Google adds real-time trends to Google Trends
19 Jun 2015
With real-trends, introduced by Google, users can see what has caught the attention of the internet and how much interest some particular topic or event generates at a given moment.
Real Trends, for instance, uses data about the recent basketball game with the resulting data being broken down by participating teams.
This marked Google Trends' biggest expansion since 2012, and would help researchers, the general public, journalists and others track the popularity of topics and events as they happened which includes minute by minute information obtained in real time, on the basis of billions of searches on Google.
Google announced the real time trends on Wednesday, saying it could be used as a date picker to select a date and time range to see what was interesting during that time.
Trends presents data on where something was very popular, when the popularity started to rise and where it started to fall, and more.
The Google Trends home page has also been updated, becoming what according to Google was more ''story-centric''.
Real-trends lists and ranks stories and other data including trends happening on Google News and YouTube in addition to Google Search.

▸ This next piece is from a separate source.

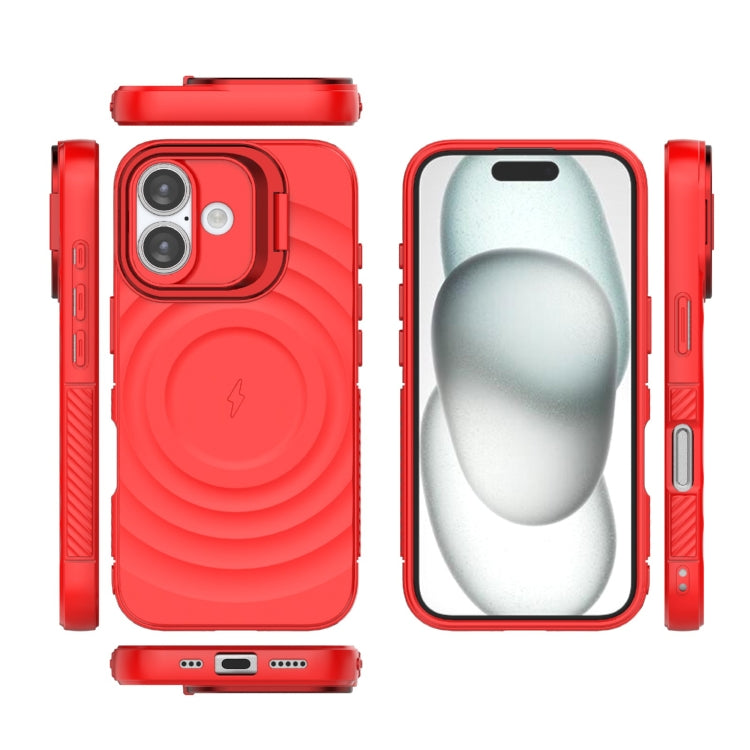 For iPhone 16 Lens Frame Bracket Corrugated MagSafe Phone Case(Red) - iPhone 16 Cases by buy2fix | Online Shopping UK | buy2fix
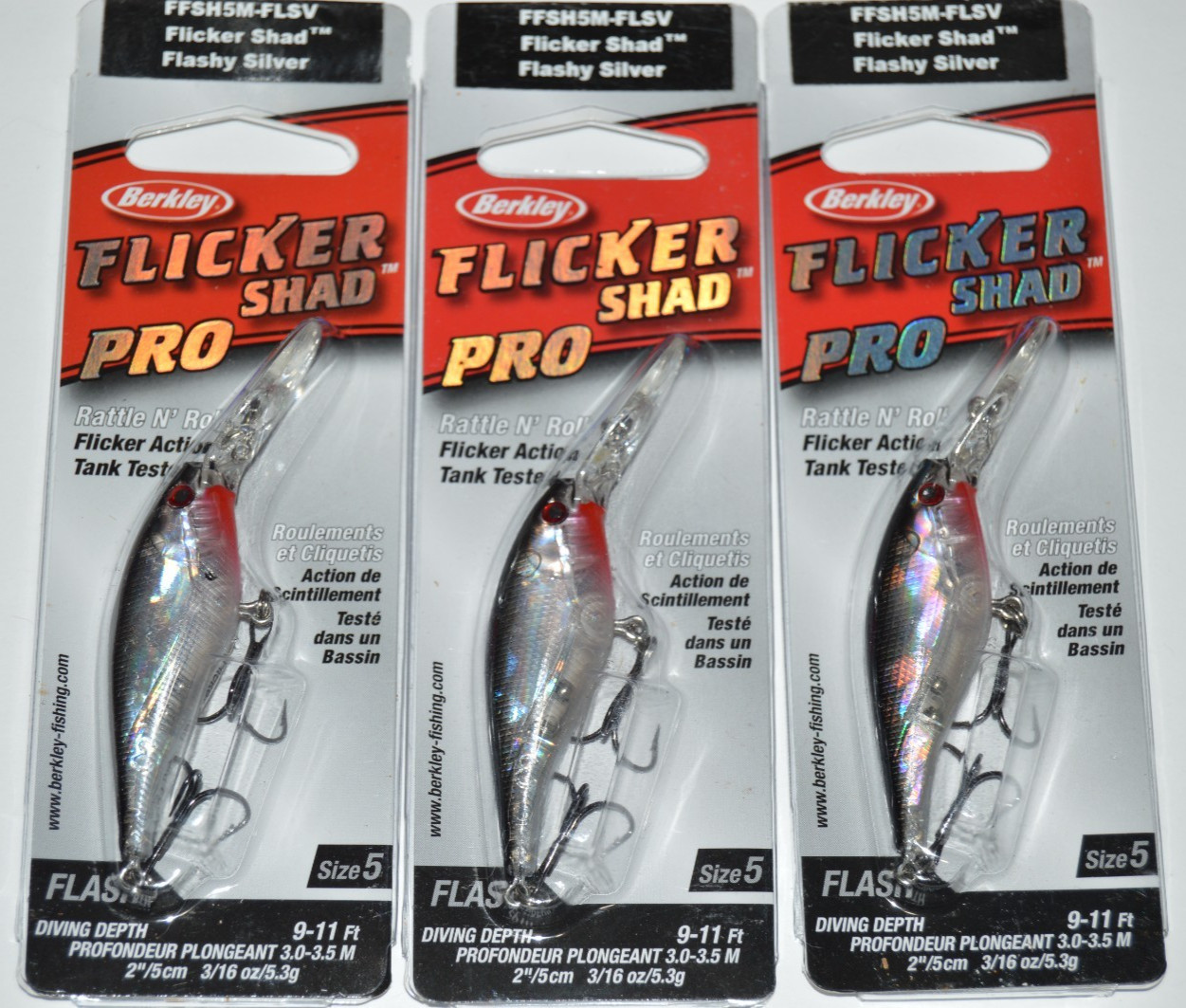 3 lures berkley flicker shad pro 2″ size 5 crankbait 3/16oz flashy silver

The new home page can be seen by users in 28 countries so far, while other regions would get to see it later this year.
According to commentators, while that might appear to make Google Trends a sort of populist news ticker - showing what people were genuinely interested in as against what newsroom bestowed importance on - Trends does not work quite that way.
Rather than pure volume, it tracks interest surges relative to how much those items usually generate. ''We're looking for spikes in particular topic areas that we then normalize,'' explains Steve Grove of Google News Lab, The Wired reported in its online edition.
''You can imagine if it was just volume overall, you'd see the same sort of topics every day.'' That's why headliners like the NBA Finals sit alongside less obvious hits like the Alameda County Fair in the top 10 ''trending stories'' as of this writing.